→ **What the exercise asks**: Copy every record word for word. Pictures are not part of the copy.

═══ Entries shown ═══

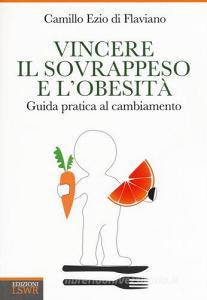 Vincere il sovrappeso e lobesità. Guida pratica al cambiamento.pdf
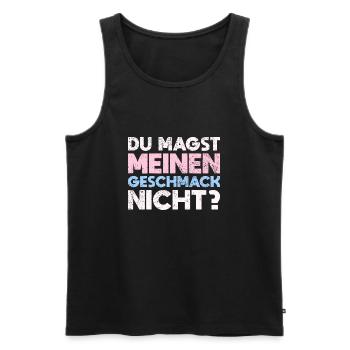 Du Magst Meinen Geschmack Nicht? - Männer Premium Bio Tank Top - Schwarz - Vorne - Michal (187cm)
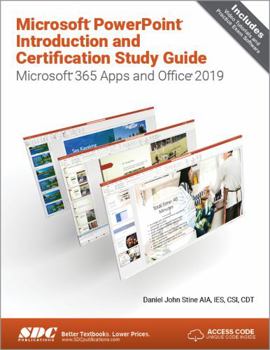 Paperback Microsoft PowerPoint Introduction and Certification Study Guide: Microsoft 365 Apps and Office 2019 Book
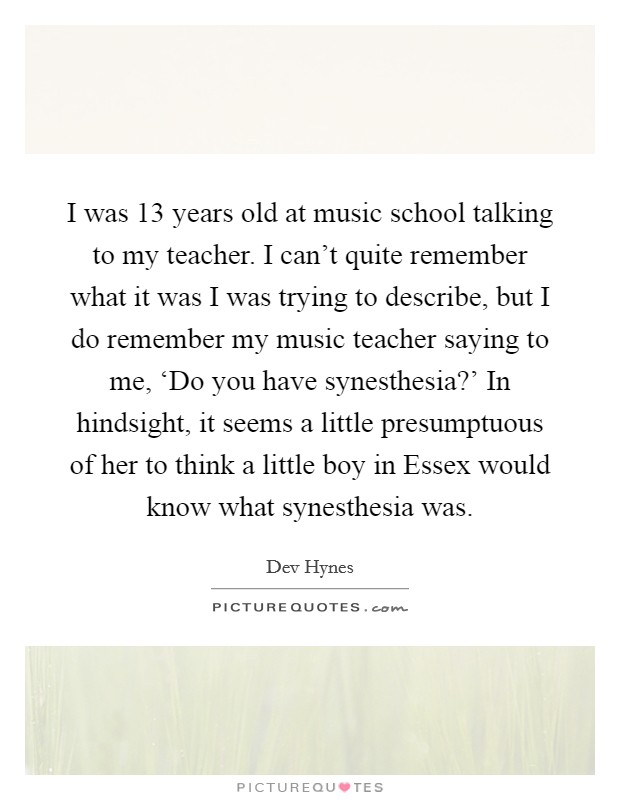 I was 13 years old at music school talking to my teacher. I can't quite remember what it was I was trying to describe, but I do remember my music teacher saying to me, ‘Do you have synesthesia?' In hindsight, it seems a little presumptuous of her to think a little boy in Essex would know what synesthesia was. Picture Quote #1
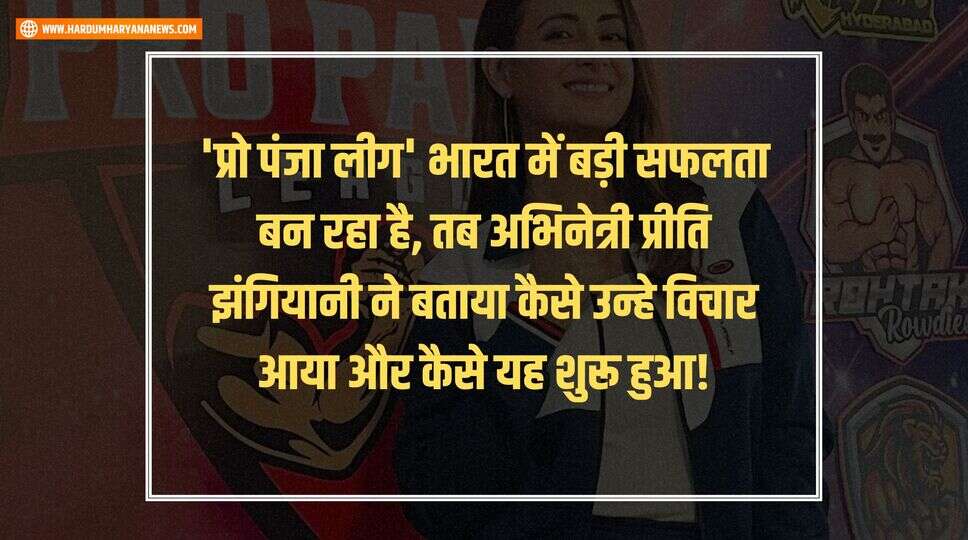 'प्रो पंजा लीग' भारत में बड़ी सफलता बन रहा है, तब अभिनेत्री प्रीति झंगियानी ने बताया कैसे उन्हे विचार आया और कैसे यह शुरू हुआ!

═══

→ **Your solution**:
 Vincere il sovrappeso e lobesità. Guida pratica al cambiamento.pdf
 Du Magst Meinen Geschmack Nicht? - Männer Premium Bio Tank Top - Schwarz - Vorne - Michal (187cm)
 Paperback Microsoft PowerPoint Introduction and Certification Study Guide: Microsoft 365 Apps and Office 2019 Book
 I was 13 years old at music school talking to my teacher. I can't quite remember what it was I was trying to describe, but I do remember my music teacher saying to me, ‘Do you have synesthesia?' In hindsight, it seems a little presumptuous of her to think a little boy in Essex would know what synesthesia was. Picture Quote #1
 'प्रो पंजा लीग' भारत में बड़ी सफलता बन रहा है, तब अभिनेत्री प्रीति झंगियानी ने बताया कैसे उन्हे विचार आया और कैसे यह शुरू हुआ!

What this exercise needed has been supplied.